Ricerc@Sapienza

In the last decade innovative damage-control technologies have been developed to improve the seismic performance of structural and non-structural components. A cost/performance-based evaluation is demanded to select the most efficient high-performance whilst cost-affordable integrated building system, capable of sustaining design level earthquakes with limited damage, minor downtime and reduced socio-economic losses.The paper initially provides an overview on low-damage solutions developed in recent years for structural and non-structural elements. Then, a cost/performance-based evaluation is applied to a five-storey reinforced concrete building to define the best structural/non-structural building system. Three damage-resistant solutions are studied: a low-damage buildingconsisting of hybrid post-tensioned dissipative connections with traditional non-structural elements; a monolithic structure with low-damage non-structural components; an integrated structural/non-structural low-damage system.
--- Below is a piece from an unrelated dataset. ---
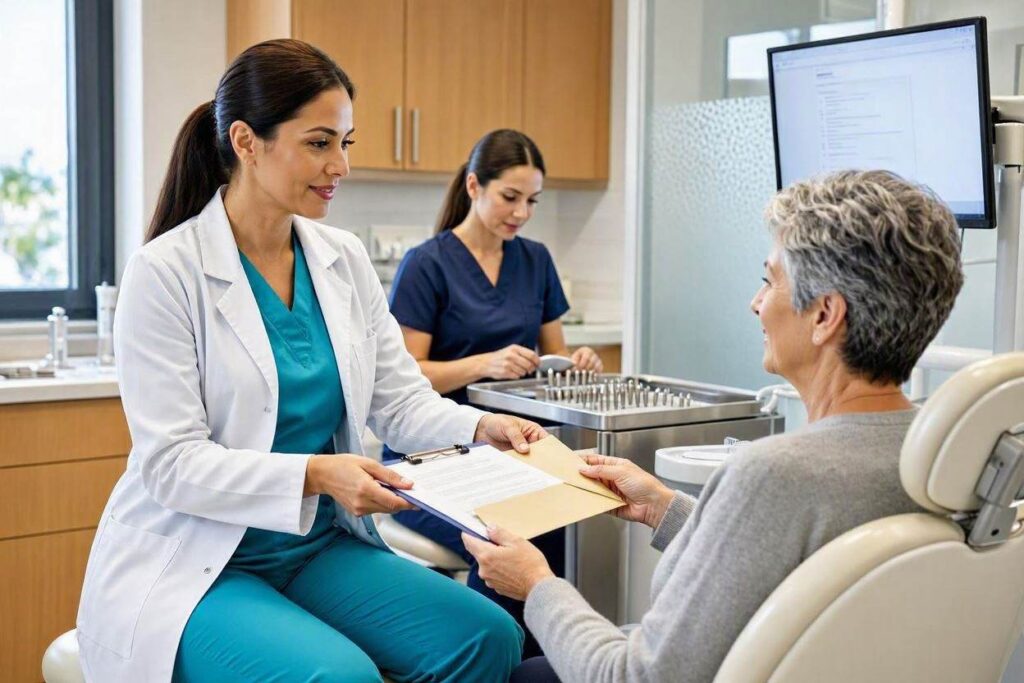 Is There Really A Dental Implant Grant?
The research focuses on either vertical (facades, heavy and/or light partitions) and horizontal (ceilings) non-structural elements.Numerical investigations (Ruaumoko 2D) are performed to determine pushover curves while the expected building response is evaluated within an Acceleration-displacement Response Spectrum domain for different demand intensity levels. Damage states and fragility curves are developed from numerical or experimental data for each component. Ultimately, loss assessment analyses are carried out using the tool PACT from FEMA P-58.The loss estimation results show how the application of an integrated structural/non-structural low-damage system highly reduces the expected annual losses, providing a saving of approximately 100-400 U.S. dollars per square meter in 50 years. Notwithstanding the benefits in the use of damage-resistant structural elements, low-damage non-structural components produce a considerable reduction of repair costs, especially for heavy infill walls.